The findings, which will appear in the August issue of the journal Virology, used mice to model influenza infections and found that the animals that were "colonized by Streptococcus pneumonia ten days prior to exposure to influenza were significantly less likely to develop severe disease or pneumonia than mice who were not colonized by the bacteria."

However, the mice that were exposed to the flu before a secondary pneumococcal infection exhibited worsened symptoms, becoming more ill than the mice that contracted the diseases in the reverse order.

Despite attempts made by government health officials to fraudulently market the flu vaccine as the answer to avoiding contraction of the infection, scientists warn that influenza still has the power to take lives.

"Influenza remains a major killer, and there is a preponderance of evidence, both scientific and historical, to show how secondary bacterial infections can be fatal," said Jan Erikson, Ph.D., professor at the Wistar Institute. "However, pneumococci often colonize the respiratory tract asymptomatically, particularly in children, leading us to consider how pre-colonization would impact a subsequent influenza infection."

During the investigation, researchers learned that the mice first exposed to pneumococci showed signs of decreased inflammation in the lungs following influenza infection.

The mice were still able to contract the virus, but the response to the infection changed in a way that prevented them from distributing signs of illness.

Attempting to learn how this was possible, researchers used mutant strains of pneumococcus that lacked certain proteins in order to single out which bacterial protein was required to generate the protective effects of pneumococcus. Through trial and error, Erikson and her colleagues learned that pneumolysin was the protein necessary to provide protection and prevent inflammation.
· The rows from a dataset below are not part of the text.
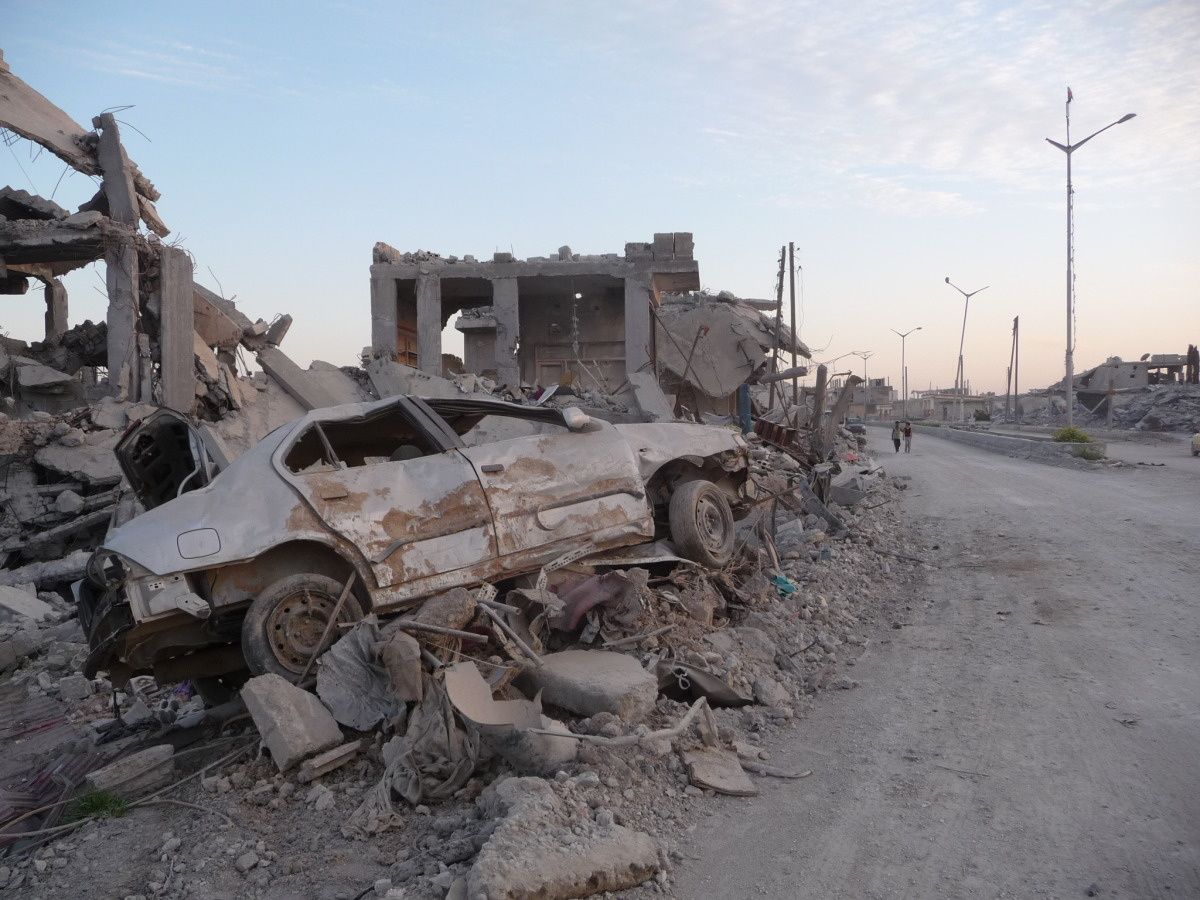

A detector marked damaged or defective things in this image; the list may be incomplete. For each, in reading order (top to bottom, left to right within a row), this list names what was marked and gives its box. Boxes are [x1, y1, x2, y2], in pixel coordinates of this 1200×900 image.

rusted car body [77, 393, 748, 681]
wrecked car [77, 398, 748, 686]
second crushed car [82, 398, 758, 686]
rusted wheel rim [696, 496, 729, 554]
broken concrete slab [0, 585, 55, 628]
rusted wheel rim [262, 588, 338, 672]
broken concrete slab [238, 672, 343, 772]
broken concrete slab [523, 648, 657, 724]
broken concrete slab [85, 744, 175, 801]
broken concrete slab [686, 748, 758, 796]
broken concrete slab [465, 777, 657, 900]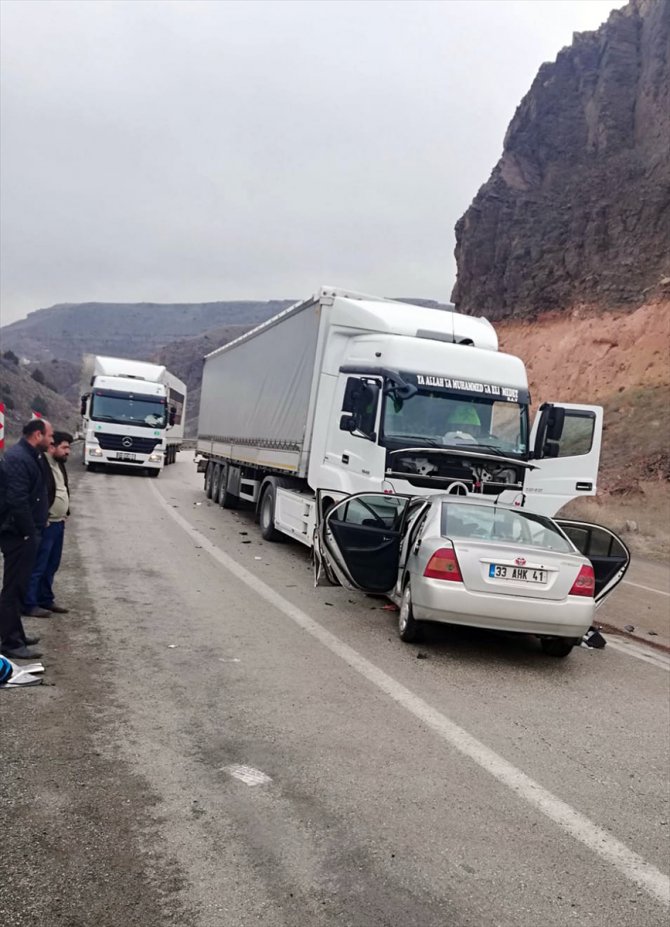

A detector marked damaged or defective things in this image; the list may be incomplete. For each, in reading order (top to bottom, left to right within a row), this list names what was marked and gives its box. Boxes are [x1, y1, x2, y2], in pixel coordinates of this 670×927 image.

damaged white sedan [316, 492, 632, 660]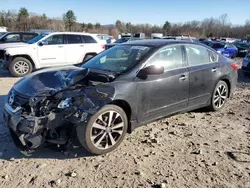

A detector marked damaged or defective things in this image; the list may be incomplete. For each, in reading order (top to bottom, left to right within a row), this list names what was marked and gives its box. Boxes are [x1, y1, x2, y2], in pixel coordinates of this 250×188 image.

crushed hood [12, 66, 89, 97]
crumpled front end [3, 69, 114, 154]
collision damage [3, 67, 115, 155]
damaged sedan [2, 40, 237, 156]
Scientists still don't understand exactly how pneumolysin lessens the severity of the disease but were able to show definitively how the cells initiate defense, thus reducing inflammation and recruiting immune cells to the lungs.
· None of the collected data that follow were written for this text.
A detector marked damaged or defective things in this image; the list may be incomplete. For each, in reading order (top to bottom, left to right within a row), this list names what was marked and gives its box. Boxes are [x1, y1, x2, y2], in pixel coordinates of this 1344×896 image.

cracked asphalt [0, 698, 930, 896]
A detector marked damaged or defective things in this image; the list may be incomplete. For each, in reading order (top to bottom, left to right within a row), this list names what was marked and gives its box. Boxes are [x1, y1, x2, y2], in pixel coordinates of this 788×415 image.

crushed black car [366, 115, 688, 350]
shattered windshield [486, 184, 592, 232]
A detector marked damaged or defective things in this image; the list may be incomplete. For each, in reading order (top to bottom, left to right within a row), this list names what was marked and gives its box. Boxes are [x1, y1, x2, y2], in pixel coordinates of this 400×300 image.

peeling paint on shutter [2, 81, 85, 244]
"Less inflammation would mean less chances of developing pneumonia, which is a major source of flu deaths," Erikson was paraphrased as saying in the press release, adding that her results suggested that the presence of specific respiratory tract microbes could be a contributing factor to impacting the body's response to the infection.

"It remains to be seen what lessons we can learn from pneumococcus in lessening flu infections," Erikson said, "but I would be interested in seeing if we could get the benefit of pneumococcal colonization without the associated risks."

The research was funded by grants provided by the National Institute of Health to Erikson, in addition to a BD Biosciences Immunology Research grant given to the study's first author, Amaya I. Wolf, Ph.D.